The synthetic opioid fentanyl, a legal prescription pain medication, is now a black market commodity blasting through the street drug marketplace. Cheap and up to 100 times more powerful than naturally derived opioids, it is also lethal.
Behind the trend is a growing body count: In the 12-month period that ended in April, more than 100,000 Americans, a record number, died from overdoses, according to preliminary data from the Centers for Disease Control and Prevention. The majority of the deaths were linked to synthetic opioids such as fentanyl.
In New York City, the majority of autopsies of overdose deaths now reveal that fentanyl was involved, including that of actor Michael K. Williams.
It is spliced into party drugs where it can be consumed unwittingly, as it was by six people killed by a single batch of laced cocaine on Long Island in the summer.
While the mounting deaths show the devastating consequence of fentanyl’s seep, it is less widely understood why the drug has mushroomed. And why so many illicit products — from fentanyl-laced cocaine and crystal methamphetamine, to marijuana sprayed with fentanyl, to faux prescription pills that are in fact fentanyl, colored and stamped to resemble a brand-name drug — now contain it.
The spread of fentanyl has been stealthy, steady and deadly, according to interviews with nine people involved in the sale of illegal drugs in New York, where much of the country’s fentanyl enters the street market, as well as law enforcement and addiction experts.

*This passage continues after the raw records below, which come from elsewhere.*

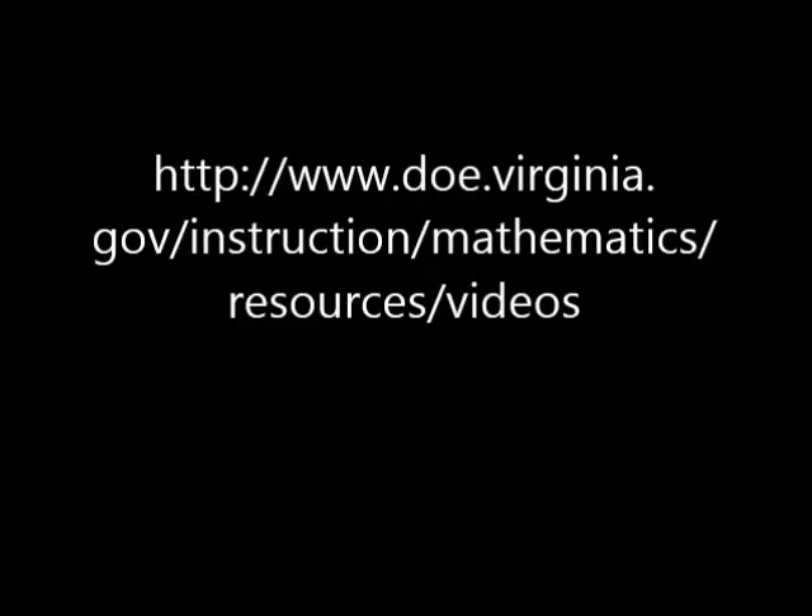This clip is part of an instructional video for grades kindergarten through second that is provided for teachers from the Virginia Department of Education to support the implementation of the 2009 Mathematics Standards of Learning. If you would like to view the whole video on the beaded number line, please go to www.doe.virginia.gov/instruction/mathematics/resources/videos.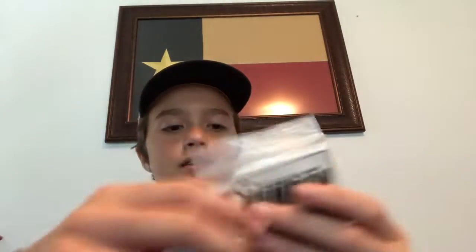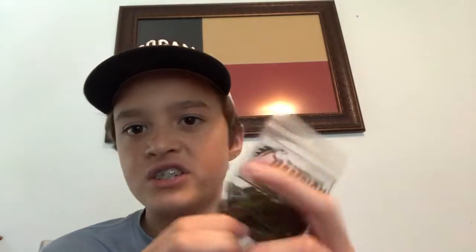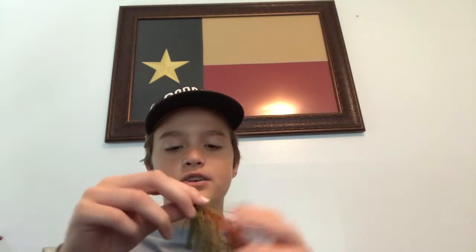We got two jigs in this package. Both are blue-gold color jigs, both are 3⅛ ounce. One is a custom swim jig by Champion Jigs, and the other is a tournament grade Mustad football jig. This custom swim jig is only $3.59 — you can order one of these.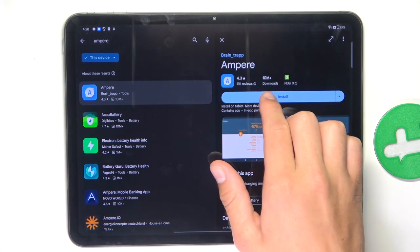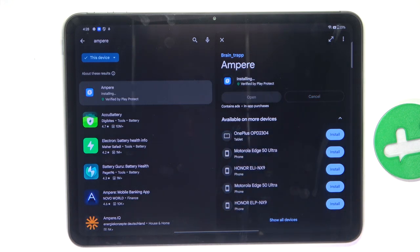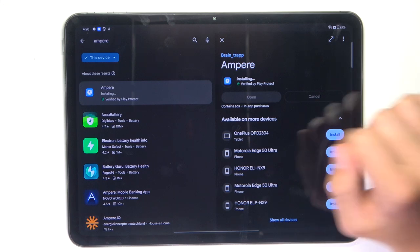Now let's install the app. And once your installation has succeeded, you can open the app.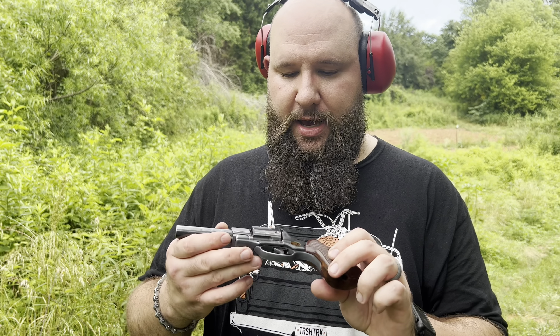Alright, now I'm going to do double action. I'm sure it's more accurate than I am, but it wasn't doing perfect there. Let me do double action to see — it can be a lot harder to do — but we'll try it.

People who intermittently use stimulants such as cocaine, for example, have low tolerances for such powerful synthetic opioids, said Dr. Chinazo O. Cunningham, executive deputy commissioner of the New York City Department of Health and Mental Hygiene.
In 2015, just 17 of the city’s overdose deaths involved cocaine and fentanyl, without heroin; that number rose to 183 in 2019, the last year for which data was available, according to the Health Department.

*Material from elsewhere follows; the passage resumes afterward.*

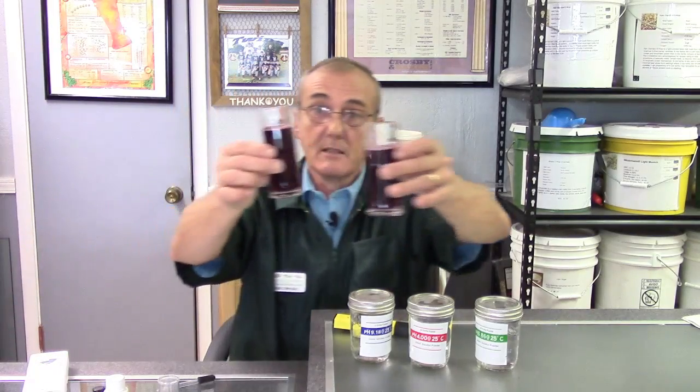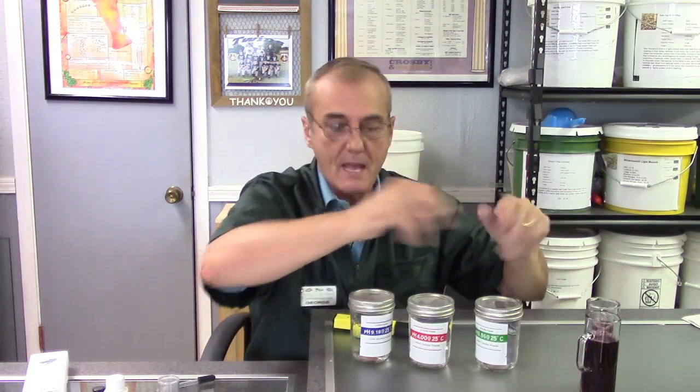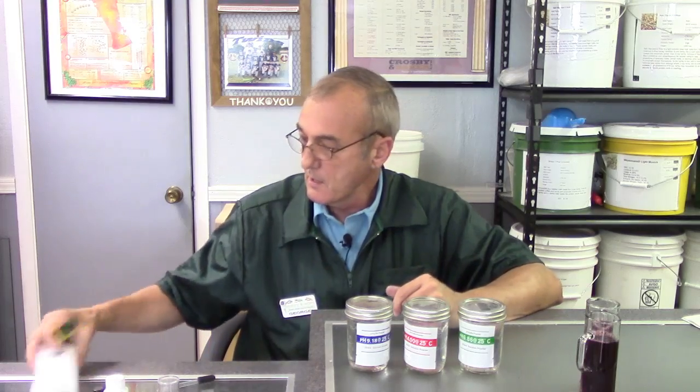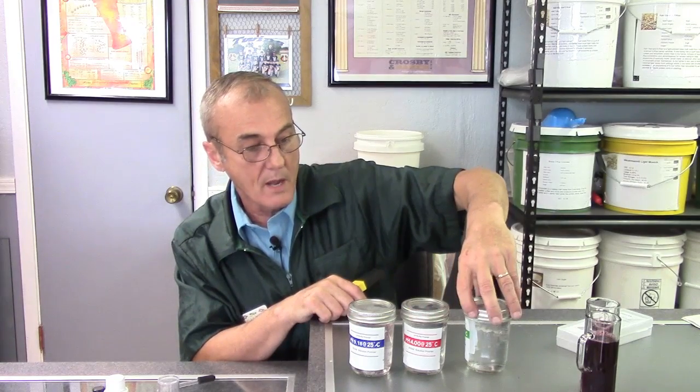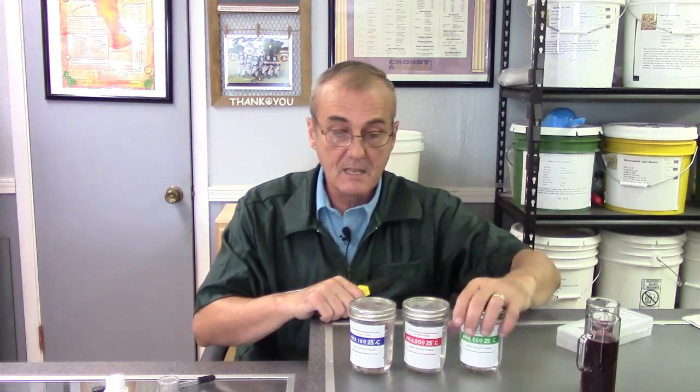Now for our pH meter — I've got the wine I took out using the spout on the side of the fast ferment, the one we drilled the hole in. I filled up two small glasses to test. We made up calibration solutions that last a long time — they come with your pH meter. We've got pH 1.8, 4.0, and 8.6, and they're a mixture of distilled water and the chemicals that come with the meter.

“These are no longer street drugs,” said John Tavolacci, executive vice president and chief operating officer of Odyssey House, a drug rehabilitation center in New York City. “This is poison.”
Fentanyl is the third wave of an opioid epidemic that began in the 1990s with prescription pills, followed by exploding heroin use.

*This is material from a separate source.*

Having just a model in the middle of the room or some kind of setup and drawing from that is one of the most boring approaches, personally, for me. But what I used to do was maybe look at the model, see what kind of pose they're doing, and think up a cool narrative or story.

Now communities are struggling under an onslaught of fentanyl. The reasons are multilayered: As pharmaceutical companies have tightened the tap on prescription pain pills after a raft of legal losses for their role in causing the opioid epidemic, the pills have become scarce on the black market. Addicts have turned to fentanyl for their fix.
To profit off the situation, cartels and small-time manufacturers have flooded in caches of imitation pills — fentanyl tablets mimicking prescription brands. In September, the Drug Enforcement Administration issued a public safety alert: More than 40% of black-market prescription pills contain lethal amounts of fentanyl.
As borders were closed to thwart the coronavirus, cartels created stockpiles, leading to a spike, said Bridget G. Brennan, New York City’s special narcotics prosecutor.
At the same time, several drug dealers said domestic dealers turned to fentanyl as a cheap way to bulk up thin wares.
As lockdowns lifted and border crossings began to normalize, fentanyl flooded in. In just the first six months of 2021, the special prosecutor’s office confiscated more than in any previous year.
Since 2018, fentanyl seizures by the New York DEA have tripled, as confiscated heroin fell by more than half.
Whenever fentanyl circulation goes up, Brennan said, overdose deaths inevitably do too. “With fentanyl, the hair on our necks stood up,” Brennan said.
Fentanyl was first synthesized in 1959 as a substitute for morphine.
Today fentanyl primarily is manufactured in China, which sends it or the raw ingredients, called precursors, on cargo ships to Mexico, where it is finished by cartels, according to Ben Westhoff, the author of “Fentanyl, Inc. How Rogue Chemists Created the Deadliest Wave of the Opioid Epidemic.” It is widely available on the “dark web,” an untraceable online network, and shipped in the mail.
Fentanyl’s spread has been pushed by the profit imperative, according to interviews with dealers: On each leg of the journey of a drug such as heroin or cocaine from cartel to end user, sellers often cut the pure product with cheap powders that are similar in appearance, a process known as “stepping on” the drug. Once it was baby formula; today it is likely to be fentanyl.
There is no quality control: A street dealer might cut fentanyl into cocaine that already contains it, creating a lethal dose.